> Supplied data:
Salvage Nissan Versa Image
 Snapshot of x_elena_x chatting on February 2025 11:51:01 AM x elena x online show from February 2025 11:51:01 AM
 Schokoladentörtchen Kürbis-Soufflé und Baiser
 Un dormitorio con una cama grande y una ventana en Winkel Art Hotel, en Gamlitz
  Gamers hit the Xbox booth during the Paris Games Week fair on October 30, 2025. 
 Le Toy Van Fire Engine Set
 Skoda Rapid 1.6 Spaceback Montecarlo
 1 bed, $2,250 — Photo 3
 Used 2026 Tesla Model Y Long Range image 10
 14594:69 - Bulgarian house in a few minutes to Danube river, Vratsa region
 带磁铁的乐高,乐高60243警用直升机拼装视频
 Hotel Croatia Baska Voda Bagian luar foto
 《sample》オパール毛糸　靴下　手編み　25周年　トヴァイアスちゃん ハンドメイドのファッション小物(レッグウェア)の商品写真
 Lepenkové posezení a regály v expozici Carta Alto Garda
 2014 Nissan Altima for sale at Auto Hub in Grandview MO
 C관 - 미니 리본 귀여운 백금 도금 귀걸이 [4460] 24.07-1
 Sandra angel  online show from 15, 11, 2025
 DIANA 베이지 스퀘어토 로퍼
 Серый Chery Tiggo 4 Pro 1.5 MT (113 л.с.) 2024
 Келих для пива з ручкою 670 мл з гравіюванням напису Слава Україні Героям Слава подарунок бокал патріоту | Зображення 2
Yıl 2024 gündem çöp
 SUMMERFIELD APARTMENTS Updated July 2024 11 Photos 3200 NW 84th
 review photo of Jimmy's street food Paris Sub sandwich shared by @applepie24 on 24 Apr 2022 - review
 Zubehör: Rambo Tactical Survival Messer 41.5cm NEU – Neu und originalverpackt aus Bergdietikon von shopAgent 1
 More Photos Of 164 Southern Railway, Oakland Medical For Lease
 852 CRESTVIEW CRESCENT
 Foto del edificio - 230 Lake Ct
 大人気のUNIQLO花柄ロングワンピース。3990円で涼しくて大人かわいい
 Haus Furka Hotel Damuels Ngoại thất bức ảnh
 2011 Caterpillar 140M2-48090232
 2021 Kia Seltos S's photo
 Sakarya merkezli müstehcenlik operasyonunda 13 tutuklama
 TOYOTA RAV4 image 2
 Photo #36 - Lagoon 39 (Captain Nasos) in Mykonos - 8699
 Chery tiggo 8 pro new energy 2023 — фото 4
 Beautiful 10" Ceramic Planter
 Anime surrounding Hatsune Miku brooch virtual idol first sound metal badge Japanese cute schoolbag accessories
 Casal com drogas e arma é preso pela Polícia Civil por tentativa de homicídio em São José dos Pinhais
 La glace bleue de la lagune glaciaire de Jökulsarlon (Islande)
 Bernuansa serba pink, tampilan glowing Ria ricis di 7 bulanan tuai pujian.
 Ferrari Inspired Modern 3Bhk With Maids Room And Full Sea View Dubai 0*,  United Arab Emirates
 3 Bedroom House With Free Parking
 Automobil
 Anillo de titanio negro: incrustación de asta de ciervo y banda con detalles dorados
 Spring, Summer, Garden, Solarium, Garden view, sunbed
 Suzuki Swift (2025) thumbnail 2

> What you have to do: Begin with the line that has "14594:69 - Bulgarian" in the listing above and end after the line that has "Lepenkové posezení a"; output those lines exactly.

> Solution to the exercise:
 14594:69 - Bulgarian house in a few minutes to Danube river, Vratsa region
 带磁铁的乐高,乐高60243警用直升机拼装视频
 Hotel Croatia Baska Voda Bagian luar foto
 《sample》オパール毛糸　靴下　手編み　25周年　トヴァイアスちゃん ハンドメイドのファッション小物(レッグウェア)の商品写真
 Lepenkové posezení a regály v expozici Carta Alto Garda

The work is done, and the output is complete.